Pima County Fair, Saturday, April 23

While the county fair may not be the best place for a die-hard fan to take in a Cheap Trick show, it worked just fine for everyone else. In fact--and it somewhat pains me to say this, as I am indeed a die-hard--Cheap Trick just may be the ultimate county fair band. The reason is simple: Though in varying degrees, everybody loves Cheap Trick.

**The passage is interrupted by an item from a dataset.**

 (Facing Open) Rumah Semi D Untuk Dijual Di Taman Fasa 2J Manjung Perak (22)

Anomalous for a band that began 30 years ago, Cheap Trick retains all four original members, who are as ageless as their version of punk-informed power-pop is timeless. From the teen boys in Germs T-shirts to the tykes on their parents' shoulders (and there were many), from the burly biker dudes to the past-middle-aged couple incessantly making out in front of me, Cheap Trick knew how to please all of them. While the parents screamed for "I Want You to Want Me," the kiddies dug the band's cover of Big Star's "In the Street," which they no doubt recognized as the theme song from That '70s Show. What they probably didn't realize is that the set the band played was a rather abbreviated one (though they didn't seem to care, either). Thus, there were none of the killer obscurities the band reserves for those shows where the audience actually pays to see them (the show was free to all who had paid to get into the fair)--no "He's a Whore," no "Downed," no "Auf Wiedersehen," no matter. The wildly diverse audience slurped up the hits--"Dream Police," "If You Want My Love," and yes, "The Flame," among others--like they were the remaining drops of milk in a bowl of just eaten cereal.

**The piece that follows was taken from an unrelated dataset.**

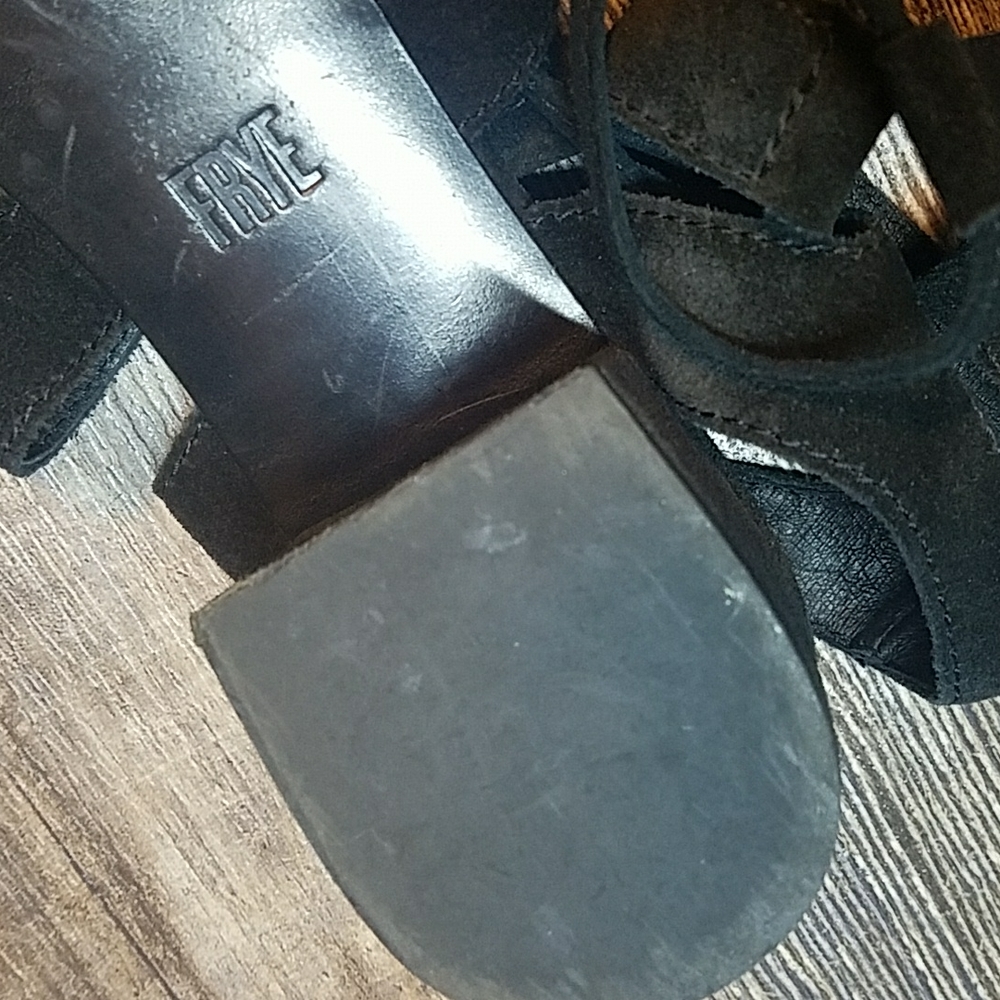 FRYE  Size 10 Gladiator Sandal Black Leather Lace up Short heel - Picture 14 of 16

With so many families in the audience, perhaps the most fitting and well-received song Cheap Trick played was the band's biggest '70s hit, "Surrender." The song is sung from the perspective of a boy whose parents he views as a bit too overprotective. Mom, whose own checkered past is hidden from the son, warns him of the dangers of drugs and diseased girls, while dad dutifully backs her up. But at song's end, the son discovers his parents rolling joints while listening to his own KISS albums, thereby proving the generation gap nonexistent--exactly what Cheap Trick's performance last weekend did.